Yeah, I think we're also going to have to implement PFC pause
frames for this to work correctly. That's definitely something
I'm going to have to take a look at.
Looks like PFC is Annex 31D in IEEE 802.3, and pause frames are Annex 31B.
It looks like the implementation of PFC should be relatively straightforward, although I will have to make some modifications to the MACs to handle PFC frames since they need to jump over the queues for things to work correctly. That part of the protocol mainly involves exchanging pause quanta over the link (where 1 pause quanta is 512 bit times), and the transmit side must stop sending the specified traffic class until the pause time expires.
I think the more tricky part is going to be implementing support
for traffic classes in the rest of Corundum; right now it's not
totally clear exactly how that's going to work, aside from having
an output FIFO for each traffic class, internal flow control to
prevent the output FIFOs from filling up, and logic at the input
of the TX MAC after the FIFO to merge the data coming out of the
separate FIFOs. I'm planning on implementing some form of
internal flow control along with the shared interface datapath so
that there isn't head-of-line blocking when using multiple ports
per interface, so it makes sense to figure out how PFC would fit
in alongside that since it requires similar functionality.
Alex Forencich
hallo, please keep in mind that roce1/2 isnt stable at all (and was never).the tech. depends strongly on back-pressure/pause-frame handling. and this is only stableavailable in a handful of switches today (mlnx, some arista and cisco). the rest will fail...
mp
--
You received this message because you are subscribed to the Google Groups "corundum-nic" group.
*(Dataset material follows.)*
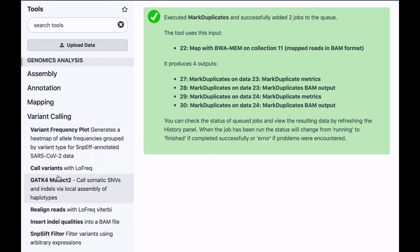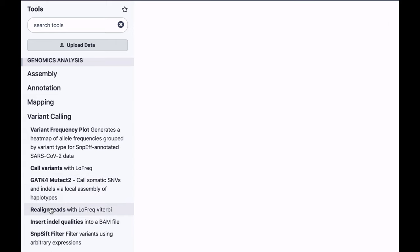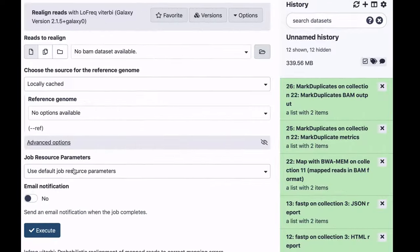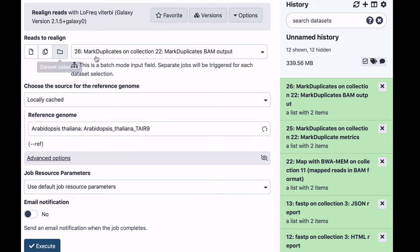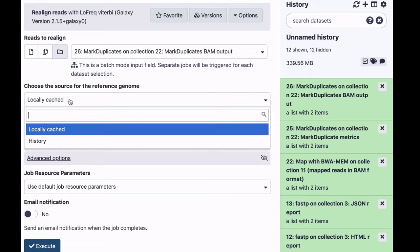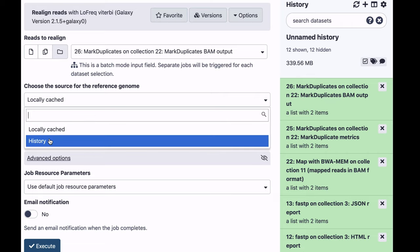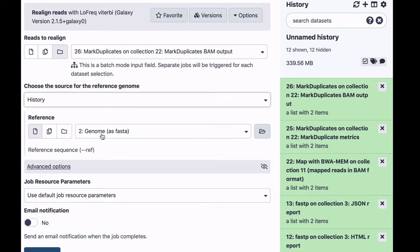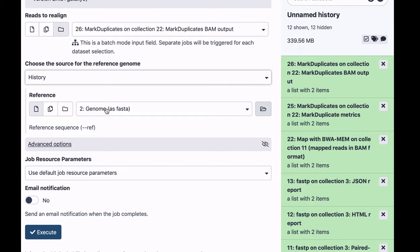We're going to scroll and find the variant calling section. LOFREQ is actually a collection of tools. So the first tool that we're going to be using is called realigned reads. It takes care of the indels, makes sure that the indels are inserted in a consistent way. Again, we're using collection, now the output of mark duplicates tool. It does require a reference, and that reference is in our history, so we're going to select this genome as FASTA to do this.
To unsubscribe from this group and stop receiving emails from it, send an email to corundum-nic...@googlegroups.com.
To view this discussion on the web visit https://groups.google.com/d/msgid/corundum-nic/591f7e58-e641-2008-cea7-92f36864b811%40eng.ucsd.edu.
So, looking at the PFC spec in 802.3 Annex 31D, it doesn't say
anything about response time. There are some numbers in 31B.3.7
for pause frames, but TBH pause frames are pretty trivial to
implement with extremely low delay - just deassert tready on the
TX side of the MAC between frames whenever the pause timer is
non-zero. For PFC, this back-pressure needs to be asserted at a
higher level, before the different traffic classes are merged to
avoid head-of-line blocking. What I'm trying to determine is if I
can keep an async FIFO after the merge (i.e. can I do the merge in
the 250 MHz PCIe clock domain, then hand the packet off to the MAC
which runs at 322 MHz through an async FIFO, or do I have to do
the merge in the 322 MHz MAC clock domain which would involve
crossing a lot more stuff into the MAC clock domain). I can't
find anything in 802.3 for PFC, but there is some information in
802.1Qbb, and interestingly that seems to be much more restrictive
than the numbers for pause frames (614.4 ns budget for pausing the
queue, regardless of rate, or 120 vs 394 pause quanta at 100
Gbps). Does anyone have any concrete information on this, or
other relevant sources? Does properly implementing PFC mean that
the requirements in 802.1Qbb need to be followed in addition to
802.3, or does 802.3 supersede 802.1Qbb?
Ideally, I would like to be able to do everything in the PCIe clock domain and then just have a single async frame FIFO to the MAC, but the size of that FIFO would have to be large enough to store jumbo frames and it won't be possible to stop the transmission of frames that have already been handed off to that async FIFO, and the delay requirements in 802.1Qbb are ~half of a 1500 byte frame at 10 Gbps (1.2 us) and less than a 9K jumbo frame at 100 Gbps (720 ns). Perhaps what I need to do is implement something more akin to an elastic buffer for TX that attempts to maintain a minimum fill level, that way I don't need a frame-oriented FIFO so the FIFO delay will be much less than an MTU frame size and should satisfy the response time requirements in 802.1Qbb. For MTU frames on a 512-bit AXI stream interface at 100 Gbps, the clock speed only needs to be around 200 MHz, so I think this will work OK with a frame-oriented FIFO at 250 MHz followed by an async FIFO that enforces a minimum occupancy before releasing each start-of-frame to ensure the MAC gets a contiguous frame without any gaps.
Alex Forencich